The Twitcher: A birding column

Bird of the week: White-breasted Nuthatch

About: A small songbird with a white belly and gray back and wings. It feeds along the sides of trees, sometimes upside down.

Where to find this bird: Look for white-breasted nuthatches in larger trees, where they feed along trunks and large branches. Main Hall Green and the path behind Warch are some of the best places to find one on campus.

When to find this bird: Year-round.

Fun fact: White-breasted nuthatches often flock with other songbird flocks led by chickadees, which makes finding food easier and keeps them safer as they collectively look out for predators.
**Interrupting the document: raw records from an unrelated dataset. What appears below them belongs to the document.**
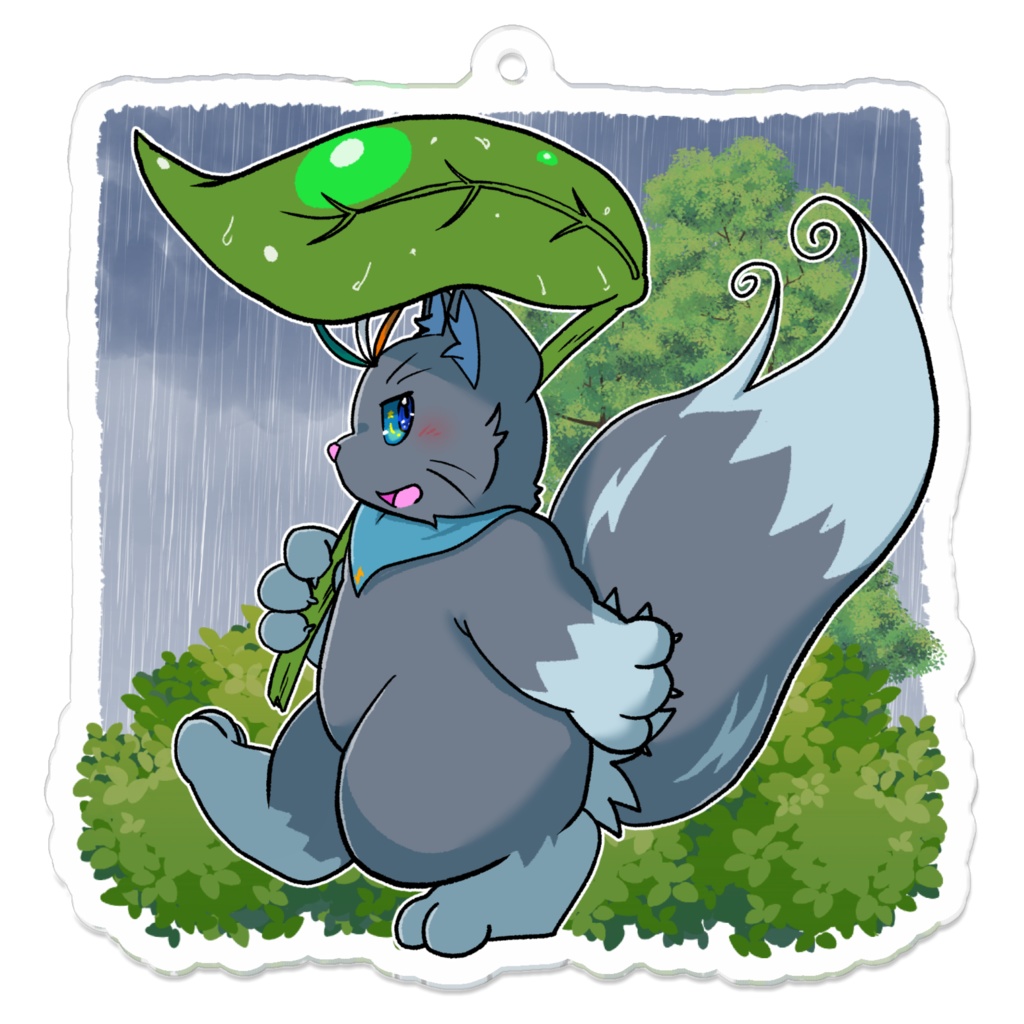 ユル・バウムちょっと大きめアクリルキーホルダー(2)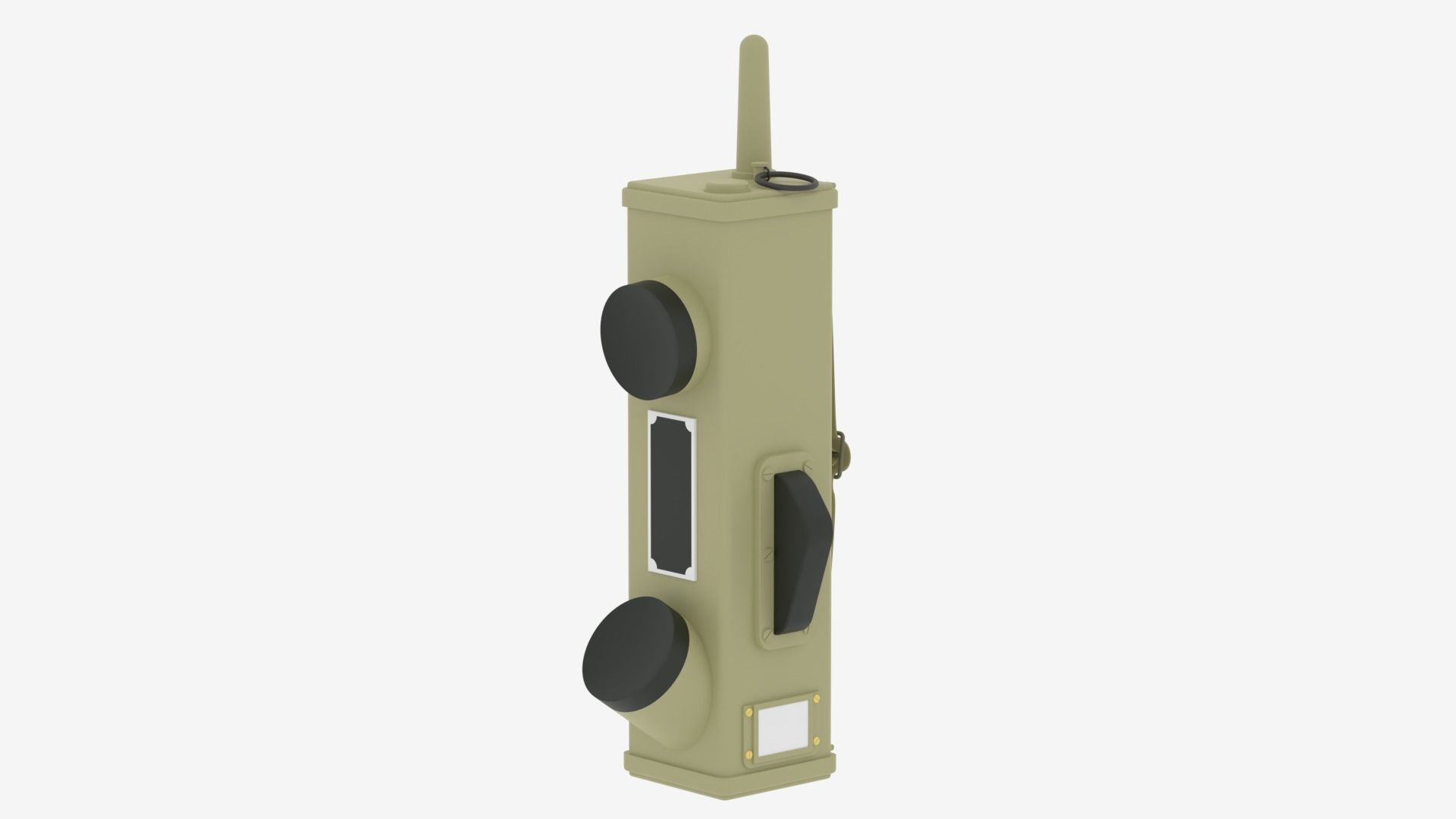WWII Handheld Radio SCR-536 Radio Transceiver 3D model_1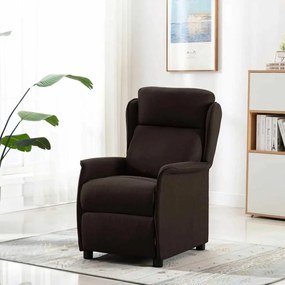 vidaXL Καρέκλα μασάζ με μαξιλάρι Σκούρο Καφέ 67.5 x 93.5 x 101.5 εκ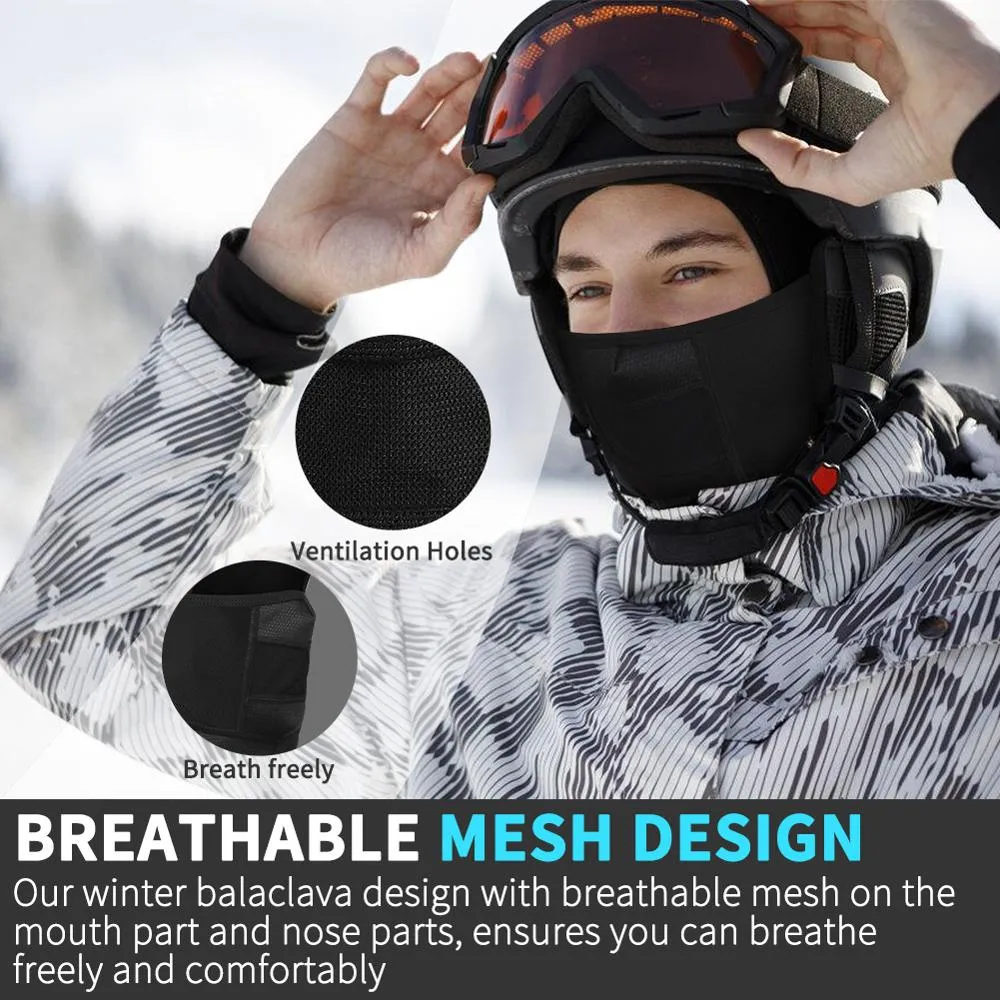 Winter Sport Cycling Cap Bike Full Face Cover Neck Warmer Men Women Scarf Ski Bicycle Motorcycle Fleece Head Cap Hat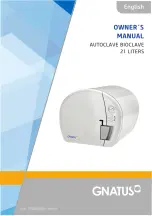 GNATUS Autoclave Bioclave 21L Owner'S Manual предпросмотр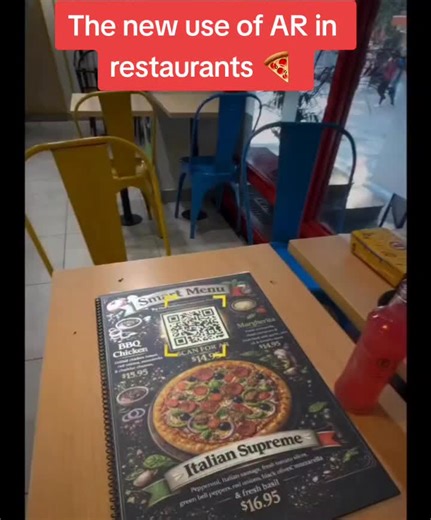 ​Menus are no longer just descriptions and photos. 📸 ❌ ​By scanning a QR code, this system places the dish at real-world size directly on the table, showing exact portions, toppings, and presentation before anything is ordered. ​What used to be guesswork is now visual certainty. Customers know precisely what they’re getting, and restaurants reduce confusion without changing a single ingredient. ​Augmented reality isn’t being used to impress anymore. It’s being used to make reality clearer. #inn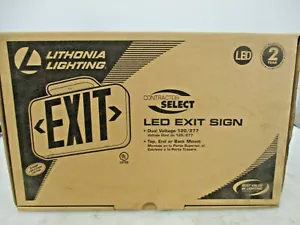 NUEVO LETRERO DE SALIDA LED ILUMINACIÓN LITONIA EXR LED EL M6 - Imagen 1 de 3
A white-breasted nuthatch glares at the camera. Photo by Kai Frueh.

Seagulls in Wisconsin?

In the dead of winter, when most birds have migrated south, it might come as a surprise to see one of the birds associated with warm vacations at the beach foraging along the Fox River: seagulls. Well, they actually are not seagulls, but are herring gulls, one of about 50 species of gulls found around the world. When people ask me about seeing seagulls in Wisconsin, I have to break the news to them that seagulls don’t exist. That’s right — there is no such thing as a seagull; it’s just a colloquial term for gulls from the Laridae family, which also consists of skimmers and terns. The stereotypical white-and-gray herring gulls are quite common across North America and resemble multiple other gull species that look quite similar. Even though many people see gulls on their vacations to the beach, many gulls actually breed inland, along lakes and streams, and the gray gull breeds deep in the extreme desert of Northern Chile, where very little water is found.

Along the Fox River, we also get ring-billed gulls (not common in the winter), which are somewhat smaller and have a black ring around the end of their bill, as well as the significantly smaller Bonaparte’s gulls, which migrate through in spring and fall and have cute black hoods and red legs. More species do occur on occasion, but they are harder to pick out because gull identification can be complex with hybrids, immatures and some quite similar species. Gulls can take up to four years to mature, and there is often lots of variation in young birds. All of this makes gull identification hard, especially if you try to find rare gulls or are in an area with many different species of gulls (like the West Coast). This difficulty of identification spurs some birders to become gull experts, studying many different gulls for hours and coming to know the subtle differences between primary feathers on first- and second-year herring gulls. 

Even though seagulls don’t really exist, birders will know what you mean. It also explains the long mystery of why seagulls won’t fly over the bay—they don’t want to become a baygull.